Sukhdev, a private security guard in Kolkata, had invested Rs 30,000 in one of Rose Valley’s money-pooling schemes about four years ago -- on assurance that the amount would double in five years.
In the aftermath of Saradha’s collapse, Sukhdev wants an early redemption but has been told by his agent that he would lose Rs 6,000 on the principal amount.
There was no pre-maturity clause in the original scheme, which said Sukhdev was depositing Rs 30,000 for booking a room at the Rose Valley resort.
On cancellation of booking after five years, he was entitled to get Rs 60,000.
There are many like Sukhdev who want early redemption in the wake of the Saradha scam. Some companies like Rose Valley are open to the proposition but are deducting from the principal, in a bid to cap their losses.
According to Rose Valley Group Chairman Gautam Kundu, the company has paid Rs 120 crore (Rs 1.2 billion) to depositors, and the company’s board has earmarked Rs 500 crore (Rs 5 billion) for meeting redemption needs over the next two months.
Kundu, however, said an early withdrawal penalty was 5-10 per cent on principal, not 20 per cent as one of his agents claimed.
Ever since the Saradha scam surfaced, companies have been flooded with applications for early redemption and are imposing hefty fines for premature withdrawals, as there are no proper laws governing the deposit-taking business.
Prayag Group, which temporarily shut operations following a raid by the Kolkata Police, was contemplating refunding the principal after deducting 20-25 per cent of the principal value, an agent of the company said.
Viswamitra India Pariwar, on the other hand, claimed it was refunding the entire principal amount to depositors.
“In the current scenario, there have been some refund claims.
"In such cases, we are refunding only the principal amount on the basis of recommendations made by our agents,” Nizamin, a manager of the company said.
Companies that can’t refund cash are doing it in kind.
A deposit-taking company is offering its products like mini-tractor and water purifier in lieu of investment.
Some other companies, meanwhile, have stood their ground.
MPS Greenery Developers, for example, has been collecting money through collective investment schemes and has refused premature withdrawal of investment.
“The media and political parties are creating a crisis.
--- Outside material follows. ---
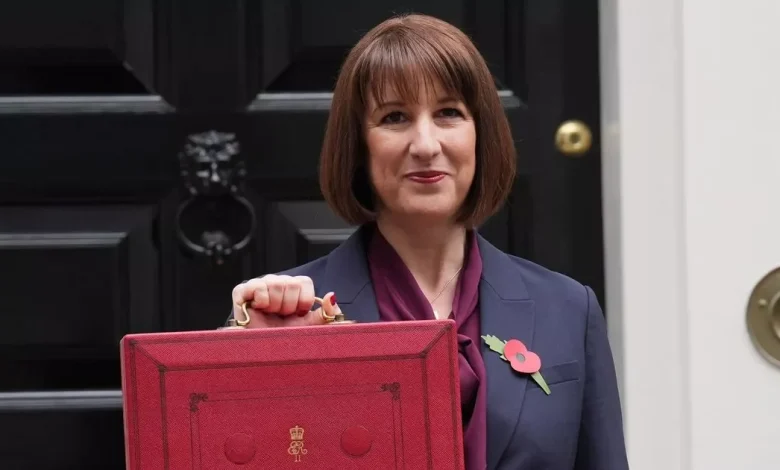 British savers told they 'shouldn't panic' ahead of Rachel Reeves' Autumn Budget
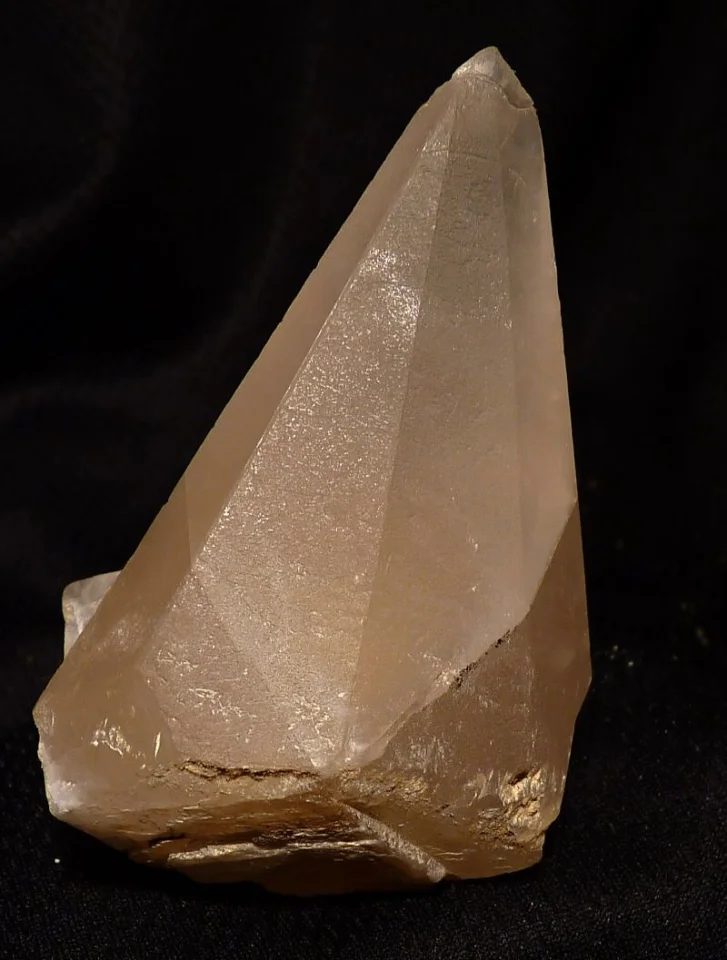 Mineral photo of Calcite from locality Černotín, Czech Republic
We are not allowing premature withdrawal, as there is no such clause in CIS,” said MPS Group Chairman P N Manna.
Last week, the owner of Kolkata-based Tower Group, Ramendu Chattopadhyay, had called a press meet to dispel the negativity surrounding multi-level marketing companies engaged in raising public deposit.
He admitted his firm was also facing difficulties in repayment.